Harper stepped between them. “Everyone is stressed. Let’s go. Joe, come on.”

  Joe exhaled, his jaw clenched tightly, and climbed onto his scooter. “You guys go first, we’ll follow,” said Harper over her shoulder as she headed back to the Beetle. She peered inside and Erik greeted her with a cheerful bark. She slid into the seat and, with the engine going, eased into the intersection and put on her indicator.

  “There is no one here to indicate for,” commented Zuzana. But her voice was without malice, and she smiled at Harper.

  “Old habits die hard. There are still a few cars on the road but we can easily drive around them,” said Harper. “I just pray the quarantine-processing center is open.”

  “What do we do if they are all gone?” asked Tomas in a small voice.

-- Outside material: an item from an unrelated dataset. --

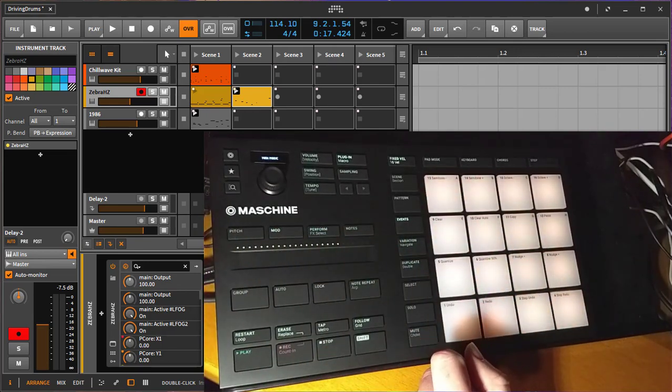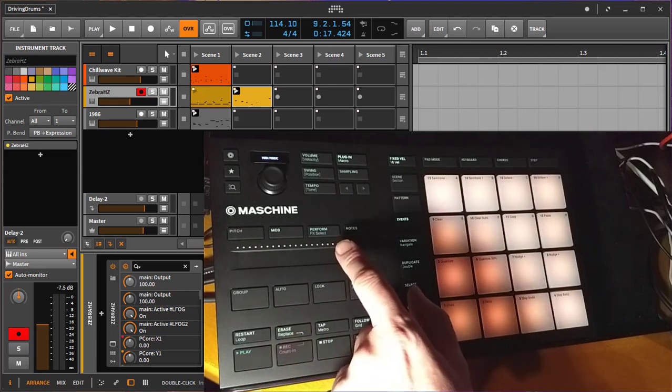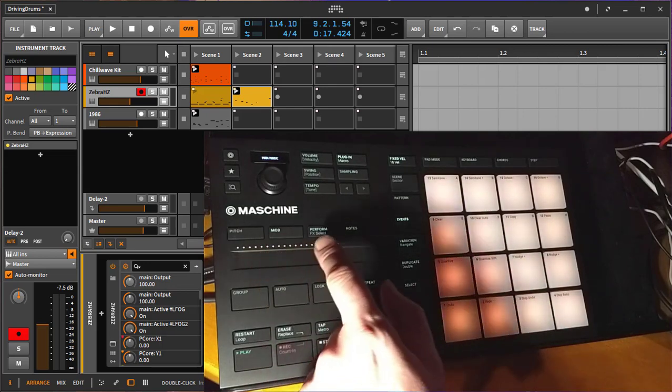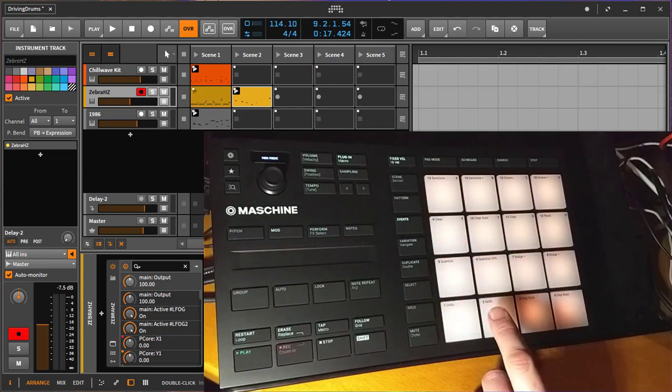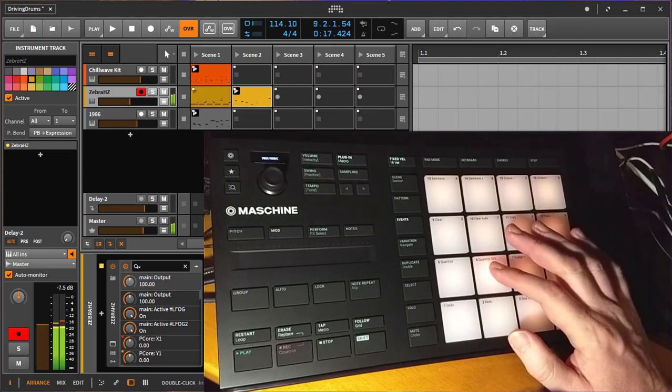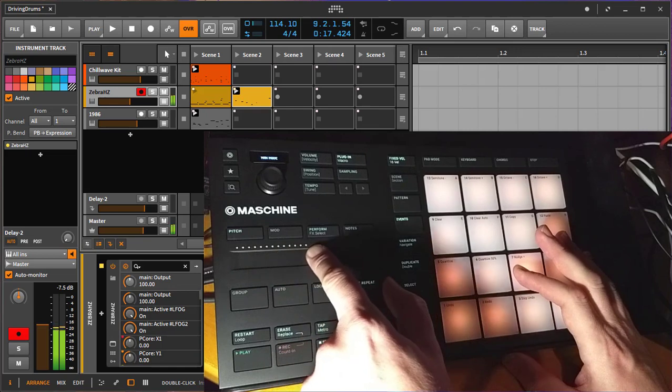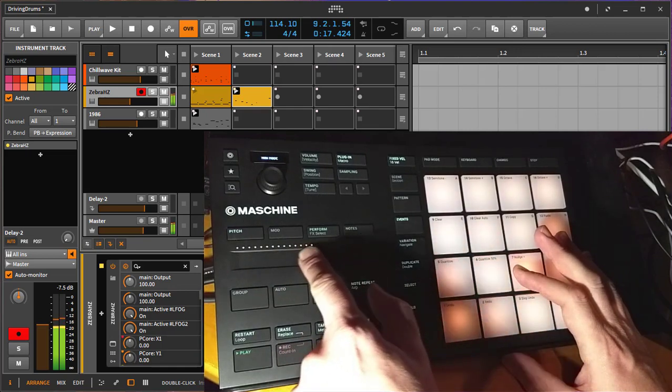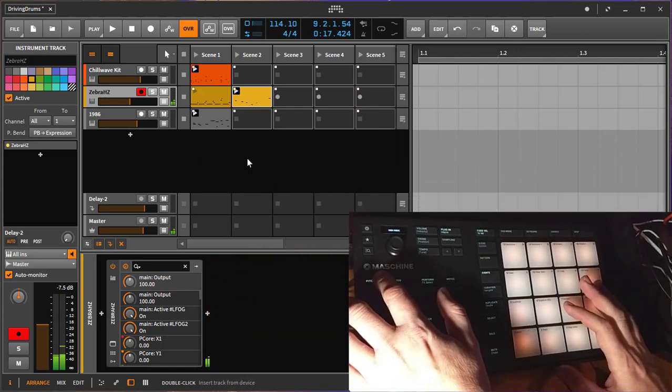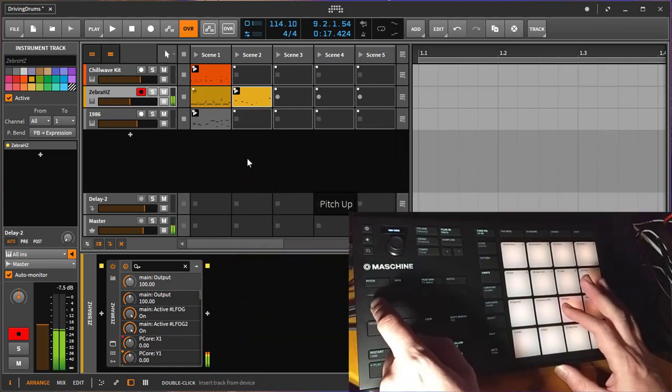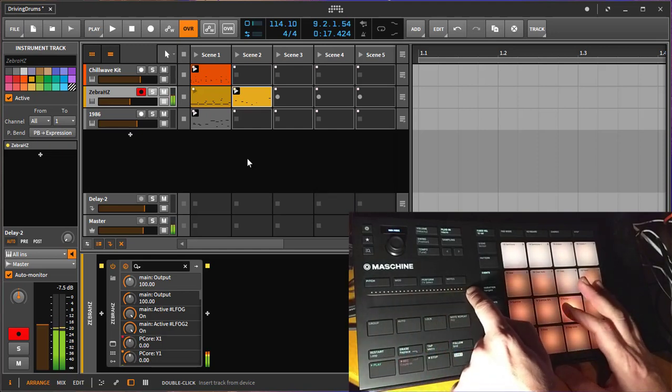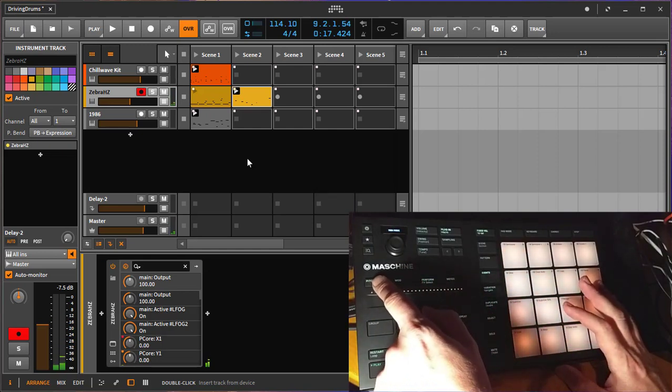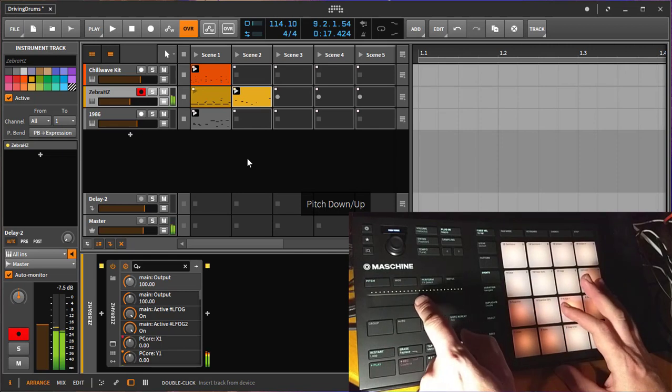Moving up here, we have several control modes for performance. This is intended to modify your playing. If we have some sound, you can move the pitch down, the next mode moves the pitch up.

  “Don’t worry about that,” said Harper. “We’ll just keep driving until we find help. We’re going to be okay.” She winked at him in the rearview mirror and his big brown eyes blinked back at her. “I’ll keep you safe, Tomas,” she said softly under her breath.

  “What is the problem with Lukas?” asked Zuzana.

  “He is a hard guy to get to know. He saved my life, though. I think he’s okay. Everyone deals with stress differently, I guess.”

  The fields and trees passed by quickly and they made good time up the highway. They passed a handful of solitary cars, their drivers dead at the steering wheel. Some drivers had simply stopped their vehicles on the road, others had continued to drive, crashing into trees or plowing through fields. They passed an overturned truck with its contents splayed across the highway and Harper slowed, driving carefully through the cardboard boxes.

  But once they cleared the outskirts of Bratislava, the roads were eerily quiet. There were no cars, no trucks. No sign of life whatsoever. “It looks like the sickness hasn’t spread here yet.”

  “Yes, there are no bodies, no abandoned or crashed cars,” replied Zuzana.

  “Maybe everyone beyond the city got out alive.” Harper was hopeful, and she and Zuzana shared a smile in the rearview mirror.

  They’d been driving for twenty minutes on a quiet stretch of road when Harper glanced at the time on the dashboard. It was approaching nine o’clock in the morning. She noticed the petrol gauge was empty and cursed loudly.

  “What is wrong?” asked Zuzana.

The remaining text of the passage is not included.